__Source data__.
──────
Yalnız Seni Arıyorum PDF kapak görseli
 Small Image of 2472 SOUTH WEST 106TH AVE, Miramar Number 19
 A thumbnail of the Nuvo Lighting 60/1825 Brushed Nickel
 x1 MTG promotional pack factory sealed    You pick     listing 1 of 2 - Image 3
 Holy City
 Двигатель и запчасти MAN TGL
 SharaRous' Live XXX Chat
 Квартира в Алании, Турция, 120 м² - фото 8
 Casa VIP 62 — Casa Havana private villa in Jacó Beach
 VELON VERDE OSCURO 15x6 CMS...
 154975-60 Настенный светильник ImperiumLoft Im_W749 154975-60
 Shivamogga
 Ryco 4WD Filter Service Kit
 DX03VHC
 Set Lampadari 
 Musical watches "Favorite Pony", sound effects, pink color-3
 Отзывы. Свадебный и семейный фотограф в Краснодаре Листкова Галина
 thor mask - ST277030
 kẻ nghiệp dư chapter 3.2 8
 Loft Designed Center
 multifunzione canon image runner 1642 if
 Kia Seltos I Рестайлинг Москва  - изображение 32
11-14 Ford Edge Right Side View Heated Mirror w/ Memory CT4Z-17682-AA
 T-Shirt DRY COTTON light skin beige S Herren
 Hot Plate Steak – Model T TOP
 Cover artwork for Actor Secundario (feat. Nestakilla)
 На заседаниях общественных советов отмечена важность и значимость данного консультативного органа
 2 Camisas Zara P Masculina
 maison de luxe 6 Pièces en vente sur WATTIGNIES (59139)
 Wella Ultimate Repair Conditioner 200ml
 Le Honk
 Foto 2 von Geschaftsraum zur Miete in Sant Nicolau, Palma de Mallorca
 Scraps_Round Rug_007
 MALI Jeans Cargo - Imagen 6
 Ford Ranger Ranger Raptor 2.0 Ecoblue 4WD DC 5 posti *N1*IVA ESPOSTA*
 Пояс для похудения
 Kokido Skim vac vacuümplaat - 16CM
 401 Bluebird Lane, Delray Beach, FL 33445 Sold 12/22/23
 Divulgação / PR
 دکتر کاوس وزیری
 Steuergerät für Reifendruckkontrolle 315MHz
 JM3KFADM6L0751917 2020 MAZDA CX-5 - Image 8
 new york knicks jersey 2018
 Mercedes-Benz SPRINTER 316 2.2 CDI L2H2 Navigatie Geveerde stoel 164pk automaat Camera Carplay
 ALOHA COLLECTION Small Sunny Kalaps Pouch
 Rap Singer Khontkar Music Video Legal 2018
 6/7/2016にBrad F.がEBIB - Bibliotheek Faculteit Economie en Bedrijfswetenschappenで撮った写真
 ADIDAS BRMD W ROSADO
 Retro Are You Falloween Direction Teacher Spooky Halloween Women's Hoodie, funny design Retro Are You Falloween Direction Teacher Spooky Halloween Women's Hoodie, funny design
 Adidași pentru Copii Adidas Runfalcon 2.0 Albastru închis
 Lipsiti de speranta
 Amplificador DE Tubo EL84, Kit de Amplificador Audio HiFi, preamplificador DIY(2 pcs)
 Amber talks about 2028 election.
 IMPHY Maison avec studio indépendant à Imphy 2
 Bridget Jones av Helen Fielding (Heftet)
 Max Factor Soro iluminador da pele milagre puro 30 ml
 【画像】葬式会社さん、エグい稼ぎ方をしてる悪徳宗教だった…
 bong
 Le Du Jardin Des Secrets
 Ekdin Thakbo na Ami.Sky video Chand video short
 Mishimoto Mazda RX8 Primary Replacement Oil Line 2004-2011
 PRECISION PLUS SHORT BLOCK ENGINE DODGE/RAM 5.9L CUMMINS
──────
__EXERCISE DETAILS__. When transcribing the data, keep every line exactly as it is.

__RESPONSE TO THIS EXERCISE__.
Yalnız Seni Arıyorum PDF kapak görseli
 Small Image of 2472 SOUTH WEST 106TH AVE, Miramar Number 19
 A thumbnail of the Nuvo Lighting 60/1825 Brushed Nickel
 x1 MTG promotional pack factory sealed    You pick     listing 1 of 2 - Image 3
 Holy City
 Двигатель и запчасти MAN TGL
 SharaRous' Live XXX Chat
 Квартира в Алании, Турция, 120 м² - фото 8
 Casa VIP 62 — Casa Havana private villa in Jacó Beach
 VELON VERDE OSCURO 15x6 CMS...
 154975-60 Настенный светильник ImperiumLoft Im_W749 154975-60
 Shivamogga
 Ryco 4WD Filter Service Kit
 DX03VHC
 Set Lampadari 
 Musical watches "Favorite Pony", sound effects, pink color-3
 Отзывы. Свадебный и семейный фотограф в Краснодаре Листкова Галина
 thor mask - ST277030
 kẻ nghiệp dư chapter 3.2 8
 Loft Designed Center
 multifunzione canon image runner 1642 if
 Kia Seltos I Рестайлинг Москва  - изображение 32
11-14 Ford Edge Right Side View Heated Mirror w/ Memory CT4Z-17682-AA
 T-Shirt DRY COTTON light skin beige S Herren
 Hot Plate Steak – Model T TOP
 Cover artwork for Actor Secundario (feat. Nestakilla)
 На заседаниях общественных советов отмечена важность и значимость данного консультативного органа
 2 Camisas Zara P Masculina
 maison de luxe 6 Pièces en vente sur WATTIGNIES (59139)
 Wella Ultimate Repair Conditioner 200ml
 Le Honk
 Foto 2 von Geschaftsraum zur Miete in Sant Nicolau, Palma de Mallorca
 Scraps_Round Rug_007
 MALI Jeans Cargo - Imagen 6
 Ford Ranger Ranger Raptor 2.0 Ecoblue 4WD DC 5 posti *N1*IVA ESPOSTA*
 Пояс для похудения
 Kokido Skim vac vacuümplaat - 16CM
 401 Bluebird Lane, Delray Beach, FL 33445 Sold 12/22/23
 Divulgação / PR
 دکتر کاوس وزیری
 Steuergerät für Reifendruckkontrolle 315MHz
 JM3KFADM6L0751917 2020 MAZDA CX-5 - Image 8
 new york knicks jersey 2018
 Mercedes-Benz SPRINTER 316 2.2 CDI L2H2 Navigatie Geveerde stoel 164pk automaat Camera Carplay
 ALOHA COLLECTION Small Sunny Kalaps Pouch
 Rap Singer Khontkar Music Video Legal 2018
 6/7/2016にBrad F.がEBIB - Bibliotheek Faculteit Economie en Bedrijfswetenschappenで撮った写真
 ADIDAS BRMD W ROSADO
 Retro Are You Falloween Direction Teacher Spooky Halloween Women's Hoodie, funny design Retro Are You Falloween Direction Teacher Spooky Halloween Women's Hoodie, funny design
 Adidași pentru Copii Adidas Runfalcon 2.0 Albastru închis
 Lipsiti de speranta
 Amplificador DE Tubo EL84, Kit de Amplificador Audio HiFi, preamplificador DIY(2 pcs)
 Amber talks about 2028 election.
 IMPHY Maison avec studio indépendant à Imphy 2
 Bridget Jones av Helen Fielding (Heftet)
 Max Factor Soro iluminador da pele milagre puro 30 ml
 【画像】葬式会社さん、エグい稼ぎ方をしてる悪徳宗教だった…
 bong
 Le Du Jardin Des Secrets
 Ekdin Thakbo na Ami.Sky video Chand video short
 Mishimoto Mazda RX8 Primary Replacement Oil Line 2004-2011
 PRECISION PLUS SHORT BLOCK ENGINE DODGE/RAM 5.9L CUMMINS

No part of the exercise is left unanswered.